Required action
Below are the entries. Print only the lines starting at the one with "These are the" and ending at the one with "Clinical assistance: Adrenal", exactly, with no pictures.

Dataset extract
···

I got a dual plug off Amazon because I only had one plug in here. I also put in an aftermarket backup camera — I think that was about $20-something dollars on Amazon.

···

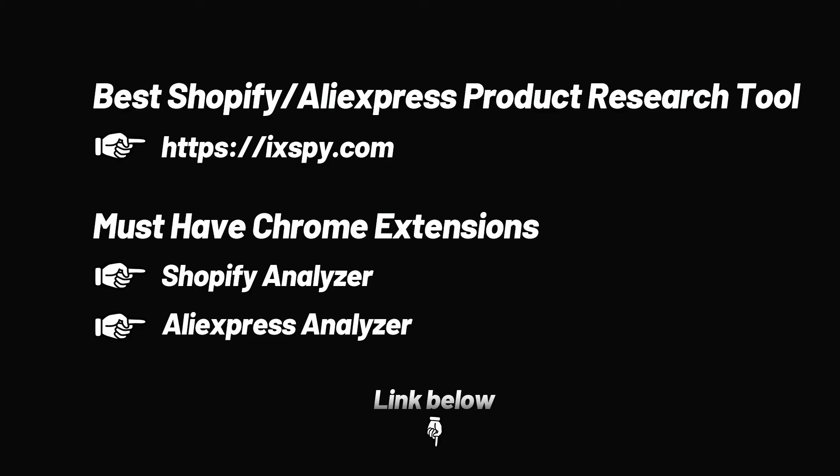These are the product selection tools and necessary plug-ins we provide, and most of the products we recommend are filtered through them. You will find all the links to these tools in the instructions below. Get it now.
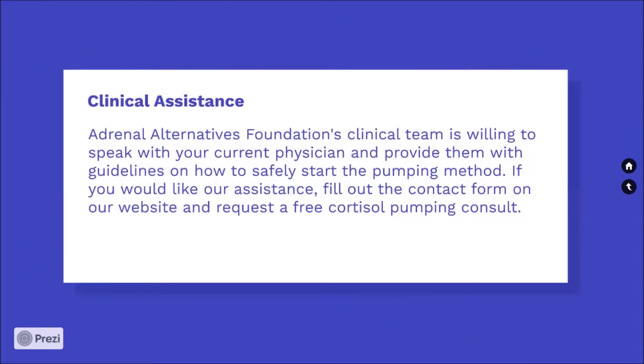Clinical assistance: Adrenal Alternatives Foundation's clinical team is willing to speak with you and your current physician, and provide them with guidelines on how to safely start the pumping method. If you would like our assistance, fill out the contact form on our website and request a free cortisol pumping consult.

···

Task result
These are the product selection tools and necessary plug-ins we provide, and most of the products we recommend are filtered through them. You will find all the links to these tools in the instructions below. Get it now.
Clinical assistance: Adrenal Alternatives Foundation's clinical team is willing to speak with you and your current physician, and provide them with guidelines on how to safely start the pumping method. If you would like our assistance, fill out the contact form on our website and request a free cortisol pumping consult.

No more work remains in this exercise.